Task objective:
Across all the entries below, how many lines contain the string "image"? The number by itself is the answer.

================================

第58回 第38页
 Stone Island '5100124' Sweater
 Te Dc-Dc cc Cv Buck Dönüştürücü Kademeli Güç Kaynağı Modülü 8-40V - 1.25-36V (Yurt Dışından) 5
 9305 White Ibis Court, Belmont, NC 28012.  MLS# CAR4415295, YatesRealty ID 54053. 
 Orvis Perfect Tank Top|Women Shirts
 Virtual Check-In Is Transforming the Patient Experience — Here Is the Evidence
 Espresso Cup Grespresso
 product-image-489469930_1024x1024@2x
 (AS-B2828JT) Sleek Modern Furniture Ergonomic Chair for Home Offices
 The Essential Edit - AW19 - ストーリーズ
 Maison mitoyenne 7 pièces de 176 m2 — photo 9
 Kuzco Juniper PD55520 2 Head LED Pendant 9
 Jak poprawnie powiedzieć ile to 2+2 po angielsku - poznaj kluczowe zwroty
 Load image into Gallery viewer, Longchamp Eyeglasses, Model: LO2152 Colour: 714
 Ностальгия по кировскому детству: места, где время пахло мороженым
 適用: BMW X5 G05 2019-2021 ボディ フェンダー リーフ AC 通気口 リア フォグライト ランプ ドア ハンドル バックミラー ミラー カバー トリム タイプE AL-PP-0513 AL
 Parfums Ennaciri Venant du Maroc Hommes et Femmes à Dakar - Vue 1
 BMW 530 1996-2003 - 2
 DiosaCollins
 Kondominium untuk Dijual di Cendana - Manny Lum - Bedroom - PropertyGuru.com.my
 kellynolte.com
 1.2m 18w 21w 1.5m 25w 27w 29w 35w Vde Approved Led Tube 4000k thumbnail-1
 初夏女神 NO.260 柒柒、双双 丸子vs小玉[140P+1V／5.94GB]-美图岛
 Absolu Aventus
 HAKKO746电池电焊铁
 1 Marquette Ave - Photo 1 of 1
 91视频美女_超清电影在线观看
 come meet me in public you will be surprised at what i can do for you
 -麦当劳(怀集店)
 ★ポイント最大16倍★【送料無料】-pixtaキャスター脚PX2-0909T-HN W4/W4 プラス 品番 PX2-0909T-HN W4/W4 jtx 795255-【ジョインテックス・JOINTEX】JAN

================================

Task output:
2